Task details:
Give the listing again in full and exactly, apart from its pictures.

Dataset extract:

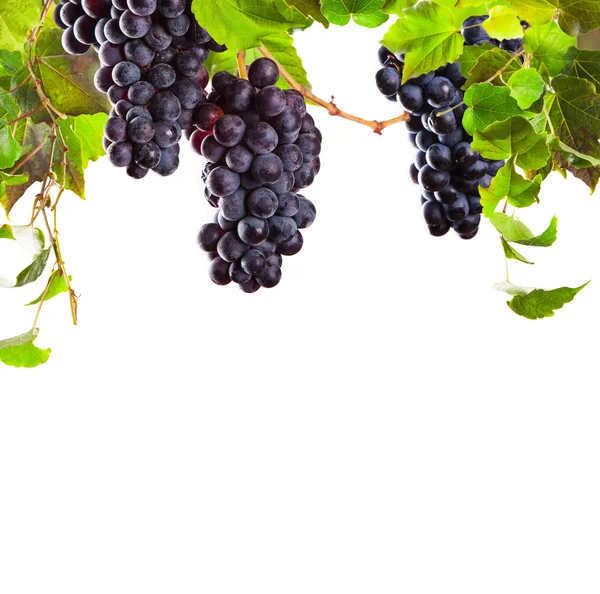 Uvas de vinho tinto isoladas sobre fundo branco — Fotografia de Stock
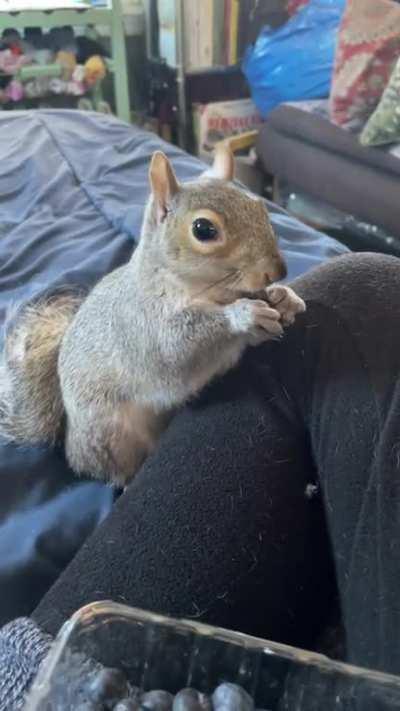 Blueberries are her favorite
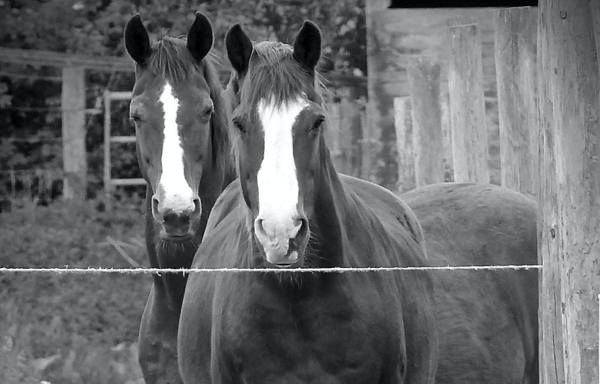 folly-farm-equestrian-yaxley-reschooling-problem-horses-training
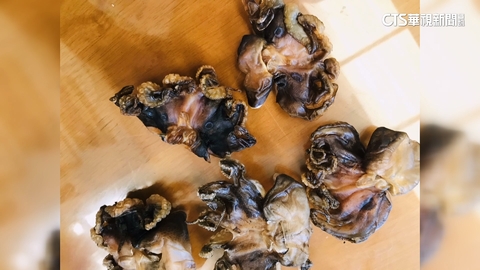 誤會！　民眾控疑誤食藍環章魚　農漁局：研判應是飯蛸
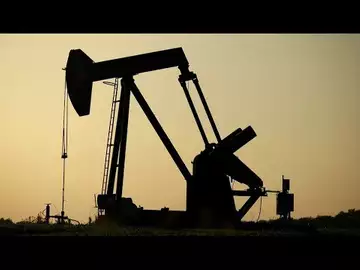 Global Economy Weighing on Oil Sentiment: Hari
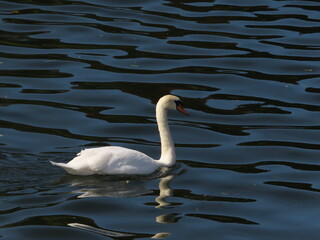 swan on the lake © Maria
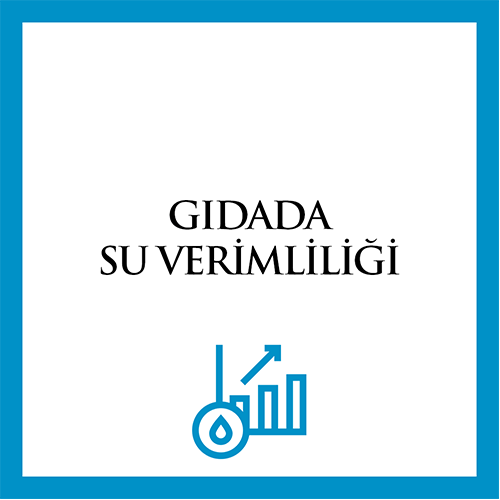 Gıdada Su Verimliliği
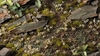 Gamers Grass - White Lily Tiny Flowers (4mm)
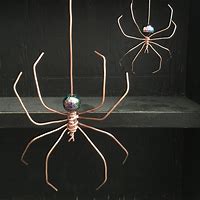 Image result for Copper Wire Bugs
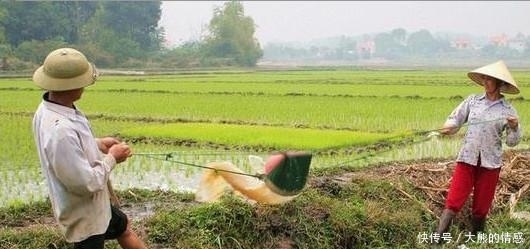  #实拍#实拍越南农村, 不比中国农村差多少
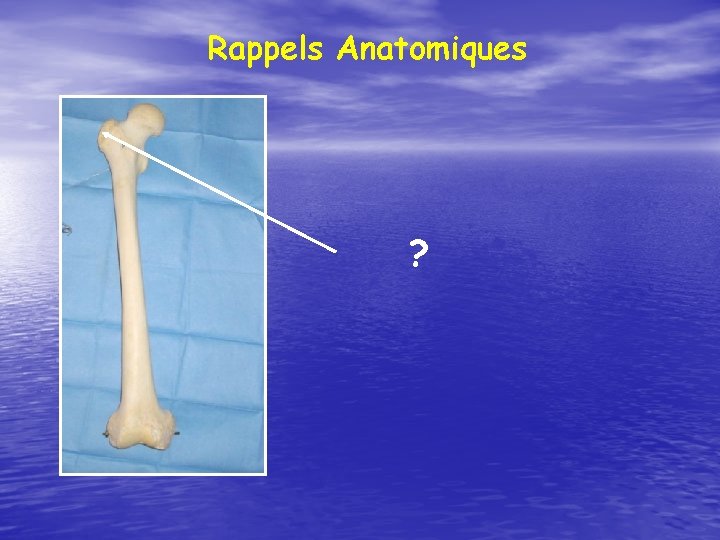 Rappels Anatomiques ? 
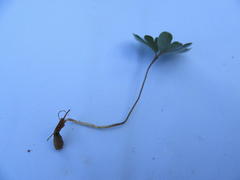 Pelargonium ternifolium
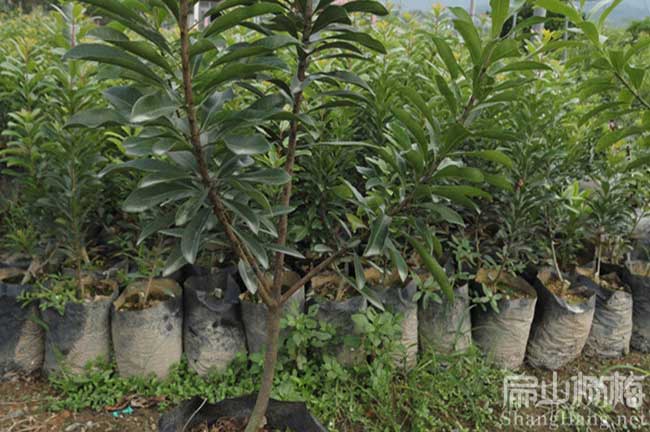 漳州水晶楊梅杯苗批發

Solution for this task:
 Uvas de vinho tinto isoladas sobre fundo branco — Fotografia de Stock
 Blueberries are her favorite
 folly-farm-equestrian-yaxley-reschooling-problem-horses-training
 誤會！　民眾控疑誤食藍環章魚　農漁局：研判應是飯蛸
 Global Economy Weighing on Oil Sentiment: Hari
 swan on the lake © Maria
 Gıdada Su Verimliliği
 Gamers Grass - White Lily Tiny Flowers (4mm)
 Image result for Copper Wire Bugs
  #实拍#实拍越南农村, 不比中国农村差多少
 Rappels Anatomiques ? 
 Pelargonium ternifolium
 漳州水晶楊梅杯苗批發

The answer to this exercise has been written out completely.